WORK ITEM: Please output exactly the part of the records below that opens with the line containing "mellowneon(メロウ" and closes with the line containing "PEUGEOT 308 2024 - Imagen 14 de 20", both lines included, and nothing else.
○ ○ ○ ○ ○
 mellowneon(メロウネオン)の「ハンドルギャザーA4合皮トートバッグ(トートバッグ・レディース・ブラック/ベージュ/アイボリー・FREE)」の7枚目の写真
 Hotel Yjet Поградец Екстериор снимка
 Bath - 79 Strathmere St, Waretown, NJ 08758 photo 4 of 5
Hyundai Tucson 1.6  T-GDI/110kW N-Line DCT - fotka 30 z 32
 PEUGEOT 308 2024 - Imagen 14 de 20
○ ○ ○ ○ ○
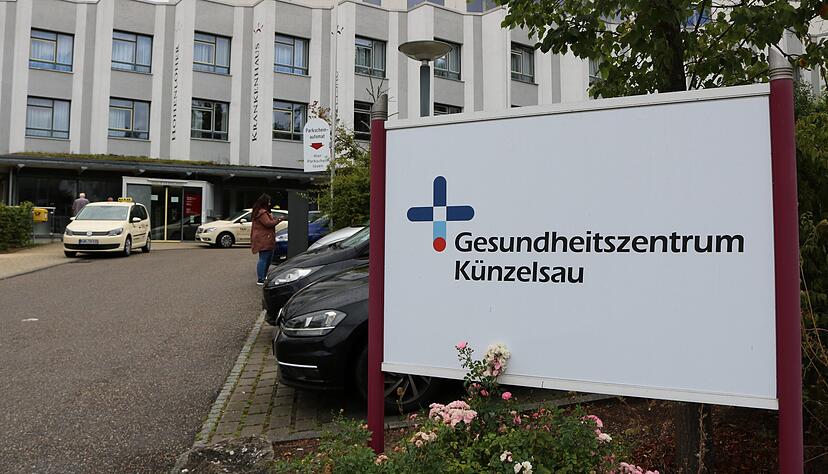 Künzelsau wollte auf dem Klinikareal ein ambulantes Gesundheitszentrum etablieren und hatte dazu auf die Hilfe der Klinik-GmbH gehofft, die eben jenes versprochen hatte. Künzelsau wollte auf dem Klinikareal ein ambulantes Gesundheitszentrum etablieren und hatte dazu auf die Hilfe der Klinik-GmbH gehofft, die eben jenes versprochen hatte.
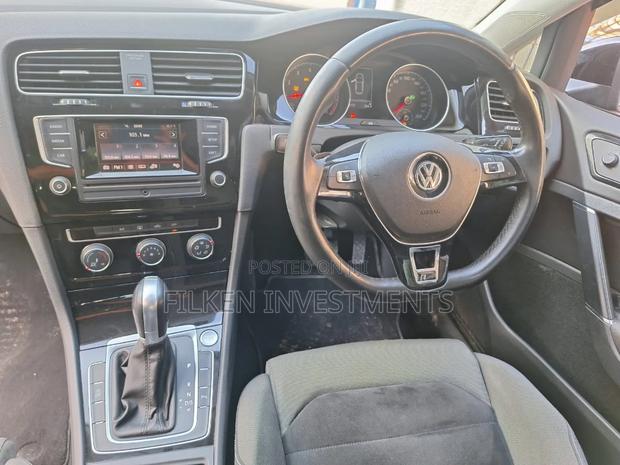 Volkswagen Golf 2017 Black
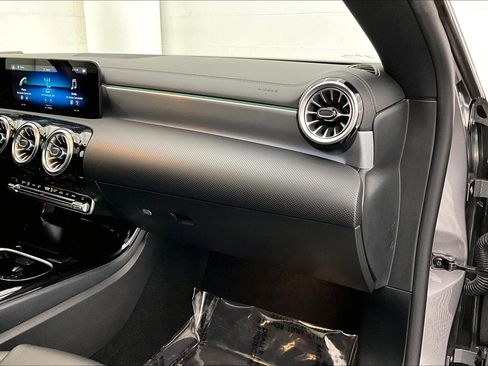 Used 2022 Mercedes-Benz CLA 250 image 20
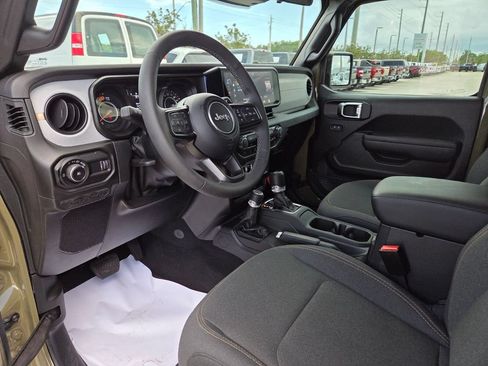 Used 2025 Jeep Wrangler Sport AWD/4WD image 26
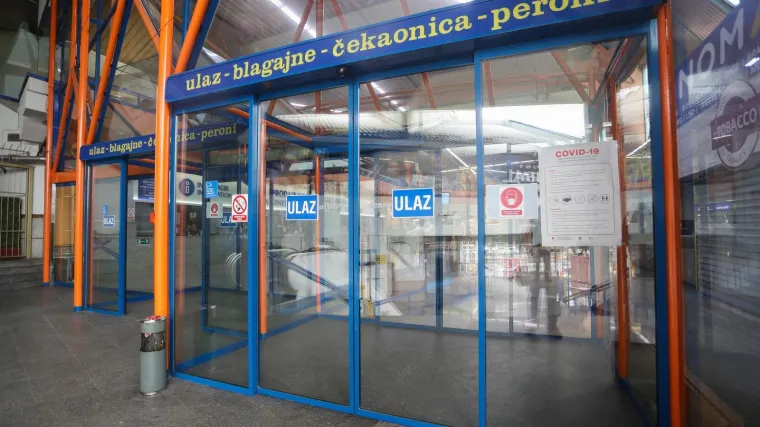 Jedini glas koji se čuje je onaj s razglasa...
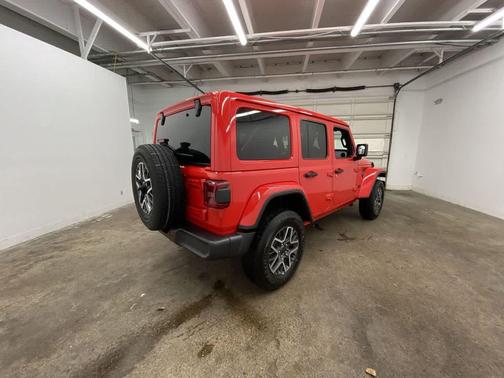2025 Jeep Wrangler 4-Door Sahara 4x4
○ ○ ○ ○ ○
RESPONSE BELOW:
 mellowneon(メロウネオン)の「ハンドルギャザーA4合皮トートバッグ(トートバッグ・レディース・ブラック/ベージュ/アイボリー・FREE)」の7枚目の写真
 Hotel Yjet Поградец Екстериор снимка
 Bath - 79 Strathmere St, Waretown, NJ 08758 photo 4 of 5
Hyundai Tucson 1.6  T-GDI/110kW N-Line DCT - fotka 30 z 32
 PEUGEOT 308 2024 - Imagen 14 de 20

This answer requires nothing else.